This was another period of history I knew very little about.  In the later 1200s, Wales pretty much became a colony of England, under King Edward.  Stone cities were built that English colonists could live in, effective protected from the Welsh people by guarded stone walls.  Of course, there were rebellions, and the one The Wicked and Just details was the first one, which happened in 1294 and was led by Madog ap Llywelyn.

Cecily was such an interesting character.  In some ways she was a sympathetic character, and in other ways you just want to slap her.  She grew up in a manor house in England and was used to certain things.  She wanted to be a lady of a house.  She expected servants to never look her in the eye.  That's just the way things were.  So she was determined, in this strange new place she's in, homesick, to at least be lady of the house.  Other families look down on her and her father because they are new.  It is very difficult for her to fit in.  The women of the other houses think Cecily is rough and will never be a lady.  So I felt sorry for her.

But then, she was also such a brat!  There she is, struggling with her insignificant problems, while all around her the Welsh people are starving and doing whatever they can just to survive.  Gwenhwyfar works in what is now Cecily's home.  Cecily hates her, because she doesn't act like a servant she's used to.  Gwenhwyfar hates Cecily because Cecily is one of the English that has stolen her home.  Gwenhwyfar doesn't think of herself as a servant.  She's just doing what she has to do to get a little money so she can pay off the English tax collectors and get a little food.  We hear how men abuse her, and fell it's their right to do whatever they want with whatever Welsh girl they want.

Before the rebellion, Cecily begins to see some of the injustices done to the Welsh people, and how things are not quite fair.  She begins to be more sympathetic toward Gwenhwyfar.  Cecily can't imagine how much she is hated.  Cecily also has fun tormenting Gwenhwyfar's brother, although she is unaware he is her brother, which fills Gwenhwyfar with rage.

Gwenhwyfar's life is detailed, to how if a Welshman can't pay taxes, they're stock is taken.  How they have to pay to come into the city to sell things in the market.  How they aren't allowed to sell things anywhere but the market.  All these rules are set up to help the English and hurt the Welsh.  These rules are, in fact, not coming from the King, but from the greedy officials in charge of the city.

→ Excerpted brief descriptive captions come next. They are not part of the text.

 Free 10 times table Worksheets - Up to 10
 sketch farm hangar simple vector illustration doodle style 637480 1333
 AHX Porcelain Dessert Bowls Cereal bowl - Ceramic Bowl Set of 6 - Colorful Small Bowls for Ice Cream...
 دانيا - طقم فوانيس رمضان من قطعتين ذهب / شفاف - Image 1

The rebellion is incredibly violent.  The streets run with blood.  Cecily's father is killed and hung naked out a window.  Soldiers, women, children are all killed.  Cecily manages to get out of the city and hide, where she's found by Gwenhwyfar's brother, who brings her home.  Gwenhwyfar would have been happy to see her dead, but her brother says no.  No the roles are reversed, and Cecily now is Gwenhwyfar's servant.

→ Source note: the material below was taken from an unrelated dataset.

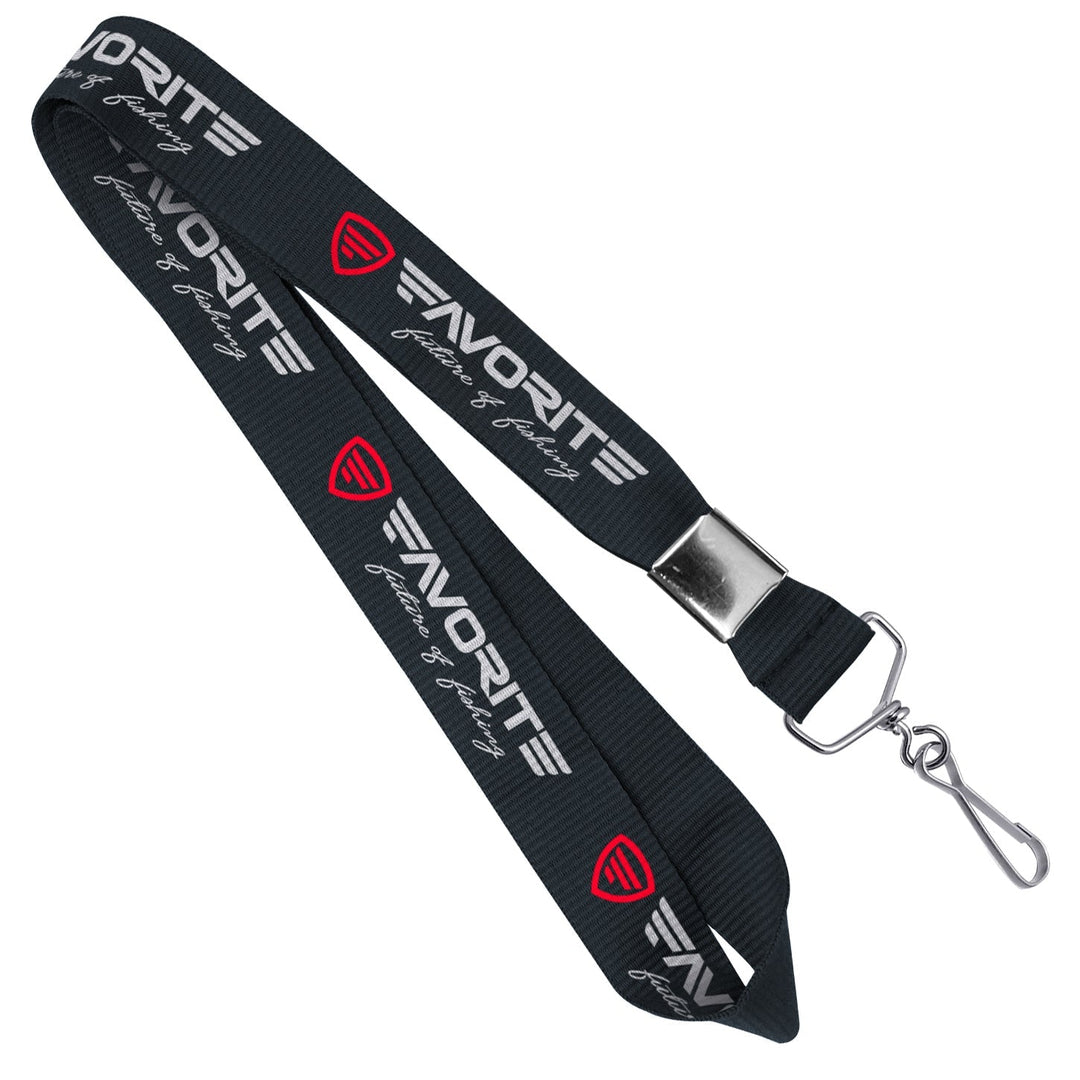 Favorite Fishing lanyard with logo, black fabric strap, and metal clip for fishing accessories and gear organization.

It's a dark, sad story, full of violence and injustice.  And was the rebellion justice?  Everyone knows the English soldiers will come and things will go back to the way they were before.  Will there be any differences?  This was really an excellent book, that really made you think about the character of people and how people treat each other.

This might be a hard sell, however.  There's no romance to offset the violence.  Middle grade students of historical fiction might be interested to read about a period that seldom gets written about, but you probably want to give a heads up that there's more detailed violence than most.